Bacterial cells during the NP exposures that presented near-neutral EPM when compared with the control may be attributed to the NPs coating the surface of the cell and therefore changing its EPM (Jiang et al.2009). EPM has been linked to the attachment and stability of microorganisms, with higher absolute values of EPM linked with more stable, or mobile, microorganisms (Elimelech et al.1998; Hermansson, 1999; Marcus et al.2013). This suggests that the microbial community exposed to the NPs is the least stable during the mid-week transition phase, and it is more stable in the initial and homeostatic phases. This indicates there is an increased chance for the community to undergo attachment and form aggregates during less stable conditions. In addition, this study had more near-neutral EPM values associated with the microbial community when compared with previous research with this system that used a microbial community that had more negative values and was donated from a healthy male (Marcus et al.2013). This demonstrates that microbial communities among individuals will also vary in the overall surface charge.
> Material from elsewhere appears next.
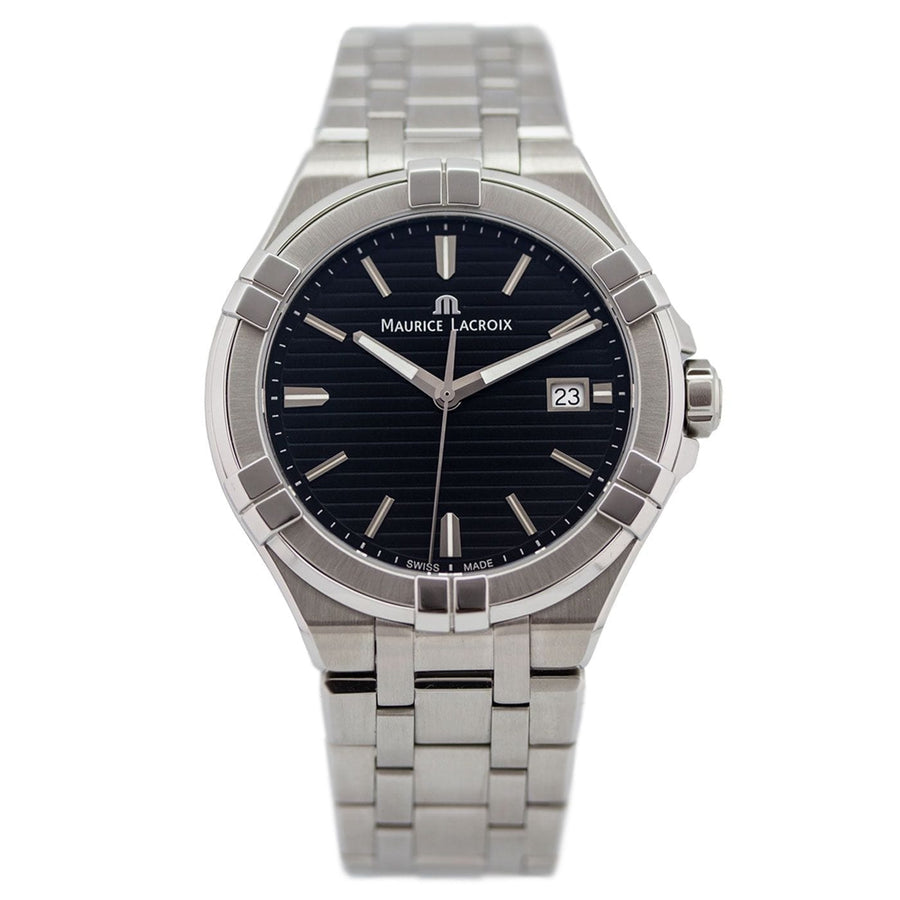 Maurice Lacroix Aikon Venturer Black Dial Silver Steel Strap Watch for Men - AI1008-SS002-331-1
Sugar and protein content of the EPS was measured, because they have been utilized as indicators of cellular conditions (Eboigbodin and Biggs, 2008). Increased amounts of sugar compared with the protein content of the EPS are related to cell aggregation and biofilm formation (Marcotte et al.2007), which may be a mechanism of the cell to limit exposure to NPs inside the model colon; less surface area of the cells may be exposed to the colon media/NP solution. Here, the sugar content relative to the protein increased mid-week, indicating a greater potential for the cells to undergo aggregation during the transition (mid-week) phase. However, the protein portion of the EPS did not show distinct trends; this indicates that this testing method may not be ideal for determining changes within a colon microbial community.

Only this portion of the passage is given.